Upgrading to iPhone 12 causes issues for UK NHS COVID-19 app users

Posted:
in iOS
Users of the UK's NHS COVID-19 contact tracing app have run into problems when trying to upgrade to the iPhone 12 or iPhone 12 Pro, with the app not prompting users to turn on Exposure Notifications after transferring it from the old device.




A number of iPhone 12 users in England and Wales who upgraded to the just-released models from an older iPhone have encountered error messages when they try to open the official NHS COVID-19 app. Users who perform an automated installation of in-use apps from their old iPhone to the new unit, such as via an iCloud Backup, may encounter errors when trying to run the app after the transfer takes place.

An error is displayed advising to users the app couldn't be run due to a "restriction in your settings" or that another app is using the same technology and is stopping it from working, the BBC reports. The NHS app's Twitter account further confused matters by pointing some users to its support pages containing a list of compatible devices, one that doesn't list the iPhone 12.

It has been found that the problem lies in the app failing to prompt the user to turn on Exposure Notifications on their new smartphone, a prompt that would normally appear the first time the app is installed in the form of a permission request. As a transferred app doesn't ask permission, it displays a somewhat unhelpful error instead.

Users can re-enable the notifications by heading to the Settings app, selecting Notifications, then Exposure Notifications, then tapping Allow Notifications.
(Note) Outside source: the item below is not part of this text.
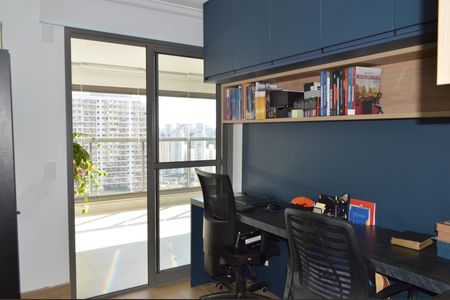 Apartamento à venda com 163m², 4 quartos e 2 vagasQuarto 1 (Escritório)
While the official guidance has been lacking, some users have engineered their own solution, by deleting the app from their device and reinstalling it. While the technique works, doing so also deletes all of the app's collected data, including any other detected devices and places the user checked into using the app, which may hamper contact tracing efforts in the near future, if the user had been exposed to COVID-19 in some way.

Comments

  • Reply 1 of 10
    More than the omproved camera, pseudo 5G, the supposed MagSafe advantages and the complexity around the Covid-19 API,  the world needs simple 1.5 meter detection to save the worldwide economy.
    Apple/Samsung/Google and other Silicon Vallye tech companies denying that should be ashamed
  • Reply 2 of 10
    JFC_PAJFC_PA Posts: 932member
    Not all that hard. 

    “ It has been found that the problem lies in the app failing to prompt the user to turn on Exposure Notifications on their new smartphone, a prompt that would normally appear the first time the app is installed in the form of a permission request. As a transferred app doesn't ask permission, it displays a somewhat unhelpful error instead. 


    Users can re-enable the notifications by heading to the Settings app, selecting Notifications, then Exposure Notifications, then tapping Allow Notifications. ”
    edited October 2020 Rayz2016
  • Reply 3 of 10
    fred1fred1 Posts: 1,112member
    Is there any reliable information on how successful these COVID tracking apps have been?
    cat52
  • Reply 4 of 10
    “It has been found that the problem lies in the app failing to prompt the user to turn on Exposure Notifications on their new smartphone, a prompt that would normally appear the first time the app is installed in the form of a permission request.”

    NOPE!  2 of us had the same problem.  The first thing we checked was those settings.  They were set correctly.  We disabled them then enabled them again .  And still it wouldn’t work.  The only thing that worked was to delete the app and reinstall it.  And when we did that there was no prompts asking to turn exposure notifications on, because they were already set.

    PetrolDavechia
  • Reply 5 of 10
    Yet another example of UK NHS IT not being properly tested - people change their phones throughout the year not only when a new model is released!
  • Reply 6 of 10
    A friend reset some of the settings on their phone the other day, whilst trying to solve a separate issue. Turns out Google Maps doesn’t notice that it has lost Location permissions. You have to uninstall and reinstall it to trigger the prompt for that, too.

    So not just NHSX developers forgetting to check that you’ve got the permission you think you have.
  • Reply 7 of 10
    This actually has been a bug that's been around for several versions of iOS. It happened to me a few years ago when restoring from a backup. The research app wouldn't ask permissions because it thought it already had them, and nothing except deleting and reinstalling the HEALTH app and deleting my Health data in iCloud would fix it. So it's not just exposure notifications, it's one of several permissions such as health data and location, as Jrg_uk has stated too. So basically I had to delete all my accomplishments, medals, and actual health data permanently in order to get the research app permissions to prompt again.
  • Reply 8 of 10
    fred1fred1 Posts: 1,112member
    Found an answer to my question about the effectiveness of these COVID apps, at least in the UK: no one knows:
    https://www.digitalhealth.net/2020/10/major-questions-unanswered-about-effectiveness-of-nhs-covid-19-app/



  • Reply 9 of 10
    fred1 said:
    Is there any reliable information on how successful these COVID tracking apps have been?
    See post from Fred1 above.


    edited October 2020
  • Reply 10 of 10
    There is no “UK NHS COVID” app. The app in this article is for England and Wales. Northern Ireland and Scotland have their own, completely different contact tracing apps that were released before England and Wales got theirs.